The designers were stunned when they first laid eyes on the new 911, its unique, simple form altered by something wedge-shaped on the tailgate. Even the sales experts tasked with selling 500 units of this 911 Carrera RS 2.7 worldwide had something to say about it: “There’s no way we’ll sell more than a hundred of these.” And it was this hodgepodge of opinion that gave rise to the befitting nickname for the innovative rear spoiler: the ducktail, which is the common term for the elongated back of the waddling waterfowl.

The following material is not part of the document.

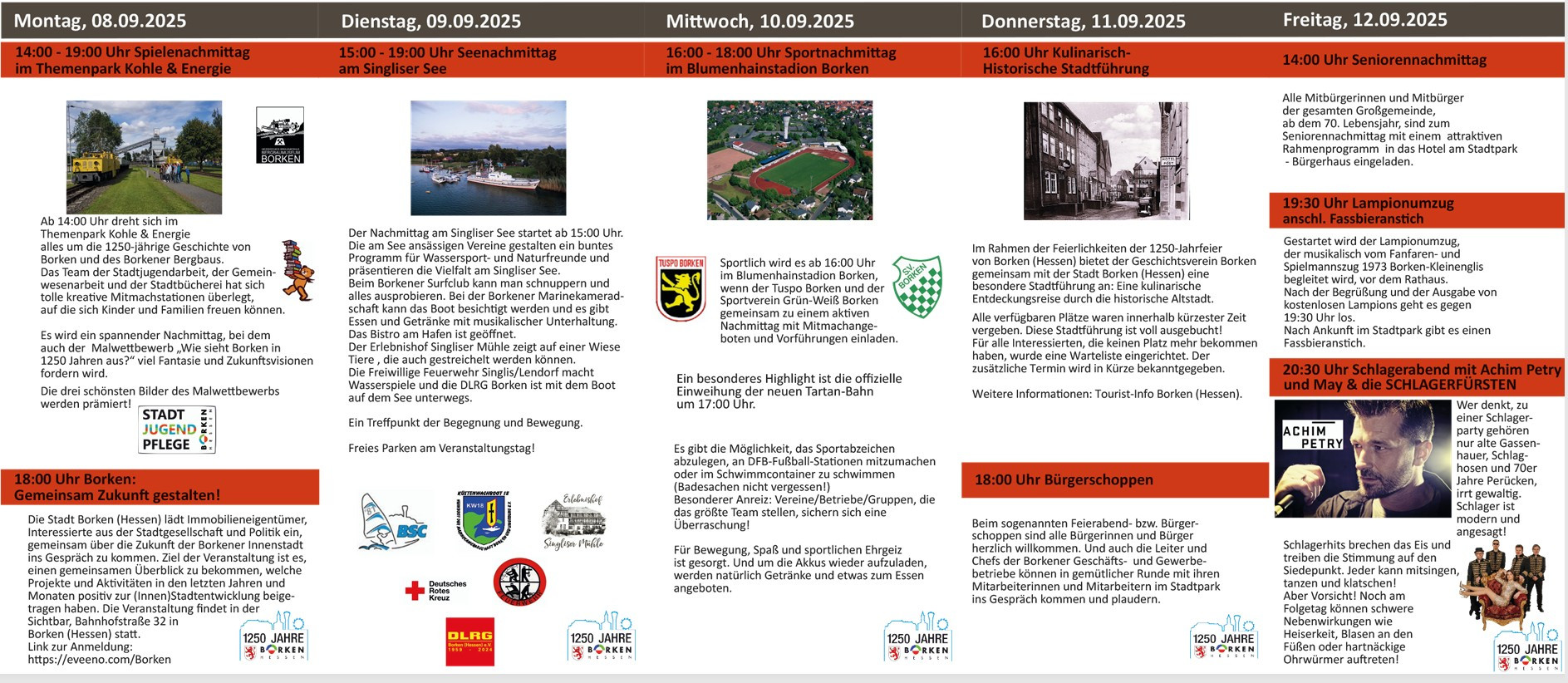 Flyer 2025 Innenseite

“Yeah, it wasn’t exactly meant to be a compliment,” says Tilman Brodbeck, laughing. The aerospace engineer joined Porsche in October 1970 at the age of 26 and worked with Hermann Burst to develop the now-legendary vehicle part. “Back then, the 911 and many other cars were essentially shaped like a wing: flat underneath, curved on top, and tapering to a point at the back,” explains Brodbeck. “A shape like this creates lift.” A physical force the 911 didn’t need in the slightest, as its cornering speeds were already much lower than promised by the engine and chassis. The developers soon realized that too much lift reduces performance – an argument that would win over the design and sales experts.
Many benefits of the ducktail
The wind tunnel revealed just how enormous the lift coefficient actually was at the rear: 0.29 CL. The solution: a Gurney flap. Made from welding wire and thin sheet metal, a roughly designed spoiler on the engine flap reduced the factor by a full two-thirds to 0.08 CL after just two days of testing in the wind tunnel. This also improved the drag coefficient value, which measures aerodynamic performance, and increased the top speed by 4.5 kmh (2.8 mph) to 240 kmh (149 mph), a breathtaking speed at that time. What doesn’t sound like much is paramount for a 911 RS, as every hundredth of a second can count in motorsport. The many benefits were enough to silence the few remaining critics.
“The 500 vehicles required to homologate the 911 Carrera RS 2.7 in Group 4 ultimately sold in less time than it took our sales representatives to count to 500,” recalls Brodbeck, who is now 79 years old. That’s because Porsche fans immediately went wild for the fast lap times as well as the rear spoiler, which was an absolute novelty in the world of series production cars. And thus the ducktail was born, recorded in patent application number 2238704, which was submitted to the German Patent and Trade Mark Office on August 5, 1972.